## Your goal
Return the listing below exactly as it stands. Pictures stay out.

***

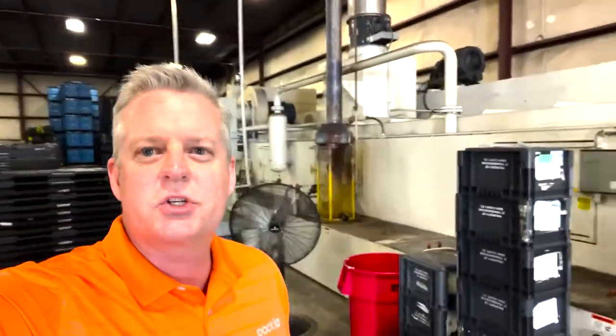Right now I'm actually standing right next to this monstrous washing machine. It's an industrial washing machine that is about 50 feet long.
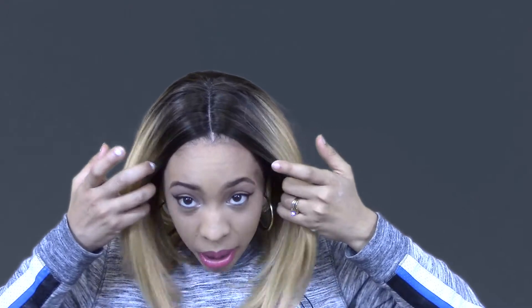Even though it doesn't have combs in the front, I'm not even worried about that, because I feel like a bad mama jammer in this wig. I've been looking for a long bob for so long, and this just checks every box. I love the part — and y'all saw I didn't even pull out any tweezers. I really just threw this on my head, put some concealer in the part, and that was it.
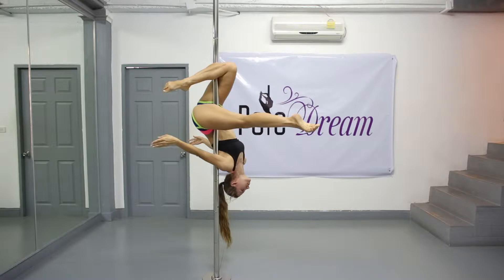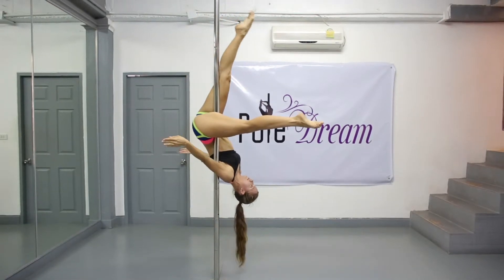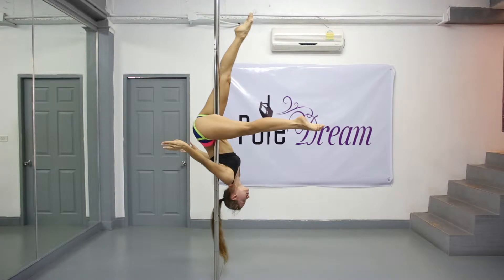If you are confident about the inner thigh, side and armpit grips, straighten your outside leg, but not yet fully, still feeling the pole with your under knee.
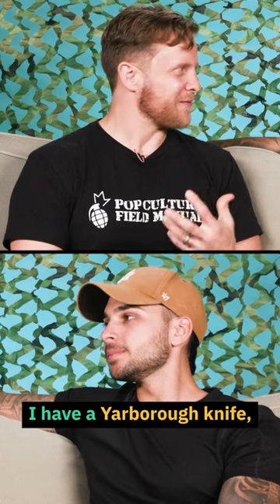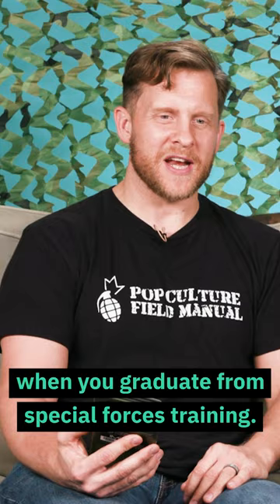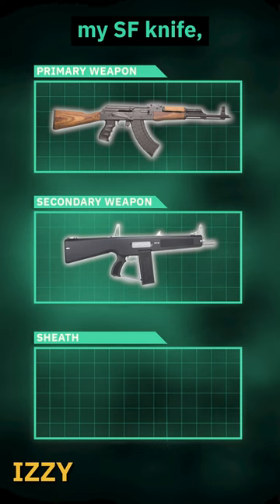I have a Yarbrough Knife — it's a knife you are given when you graduate from Special Forces training, just to whittle down some wooden ramparts and create some defenses. I'm gonna go with my SF knife, my Yarbrough Knife.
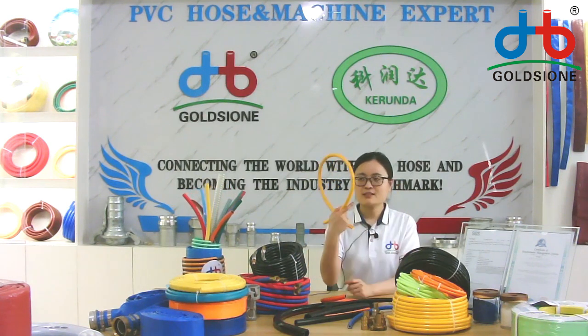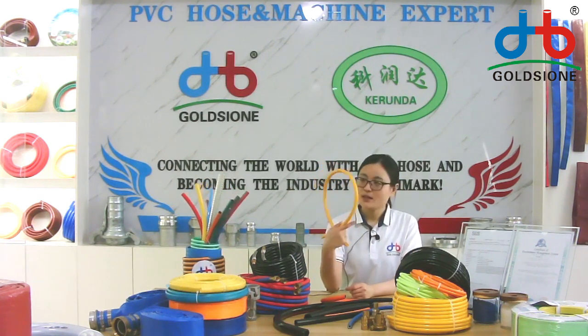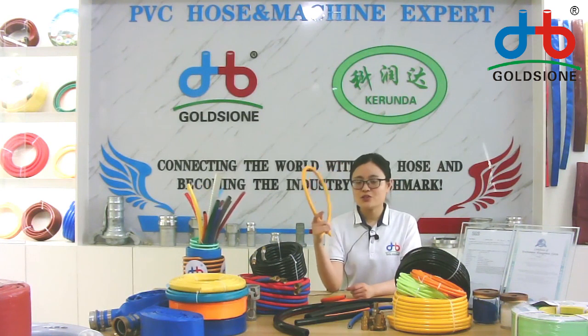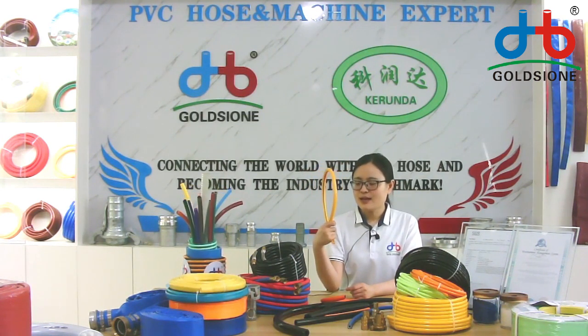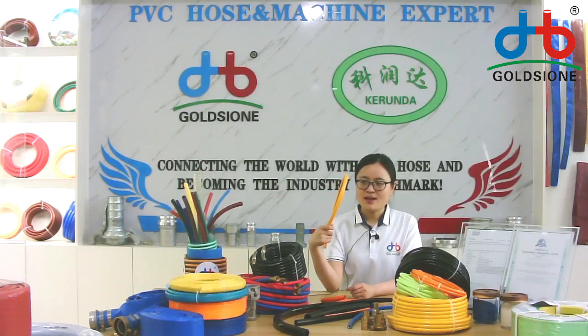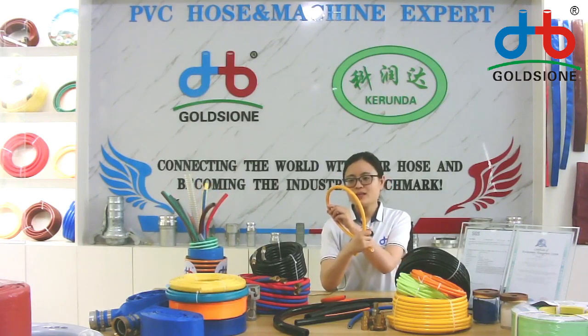This is a spring hose. This kind of hose is a spring hose. Spring hose is mainly used for agriculture and it can spray chemical liquids and water, etc.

***

## Task solution
Right now I'm actually standing right next to this monstrous washing machine. It's an industrial washing machine that is about 50 feet long.
Even though it doesn't have combs in the front, I'm not even worried about that, because I feel like a bad mama jammer in this wig. I've been looking for a long bob for so long, and this just checks every box. I love the part — and y'all saw I didn't even pull out any tweezers. I really just threw this on my head, put some concealer in the part, and that was it.
If you are confident about the inner thigh, side and armpit grips, straighten your outside leg, but not yet fully, still feeling the pole with your under knee.
I have a Yarbrough Knife — it's a knife you are given when you graduate from Special Forces training, just to whittle down some wooden ramparts and create some defenses. I'm gonna go with my SF knife, my Yarbrough Knife.
This is a spring hose. This kind of hose is a spring hose. Spring hose is mainly used for agriculture and it can spray chemical liquids and water, etc.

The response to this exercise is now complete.